Y en este propósito sólo existen dos posibilidades: intentar cubrirnos infructuosamente con delantales de hojas de higuera: “En ese momento se les abrieron los ojos, y tomaron conciencia de su desnudez. Por eso, para cubrirse entretejieron hojas de higuera” (Génesis 3:7), figura que representa la multitud de estériles y precarias obras y esfuerzos humanos por acallar nuestra conciencia y justificarnos delante de Dios, todos los cuales están condenados al fracaso, pues en último término: “Estamos completamente contaminados e inmundos de pecado. Todas nuestras buenas obras son como inmundos harapos. Como hojas de otoño nos decoloramos, nos marchitamos y caemos.
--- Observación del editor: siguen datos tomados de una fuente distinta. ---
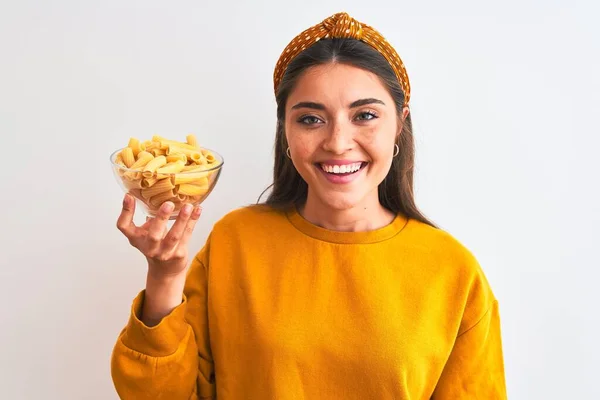 Jovem Bela Mulher Segurando Tigela Com Macarrão Macarrão Sobre Fundo — Fotografia de Stock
Como viento, nos arrastran nuestros pecados” (Isaías 64:6 NBV); o cubrirnos con las túnicas de pieles misericordiosamente provistas para este fin por el mismo Dios: “Dios el Señor hizo ropa de pieles para el hombre y su mujer, y los vistió” (Génesis 3:21), que evocan el cruento sacrificio de un animal que muere en sustitución del pecador, noción que culmina con el voluntario y abnegado sacrificio expiatorio de Cristo, justamente llamado el Cordero de Dios (Juan 1:29), inmolado por nuestros pecados y que ha probado ser el único medio eficaz para cubrir la desnudez que nos impedía relacionarnos favorablemente con Dios. A los que insisten en lo primero desechando lo último el Señor los amonesta así: “… te aconsejo que de mí compres… ropas blancas para que te vistas y cubras tu vergonzosa desnudez…” (Apocalipsis 3:17-18), advirtiendo finalmente: “«¡Cuidado! ¡Vengo como un ladrón! Dichoso el que se mantenga despierto, con su ropa a la mano, no sea que ande desnudo y sufra vergüenza por su desnudez.»” (Apocalipsis 16:15).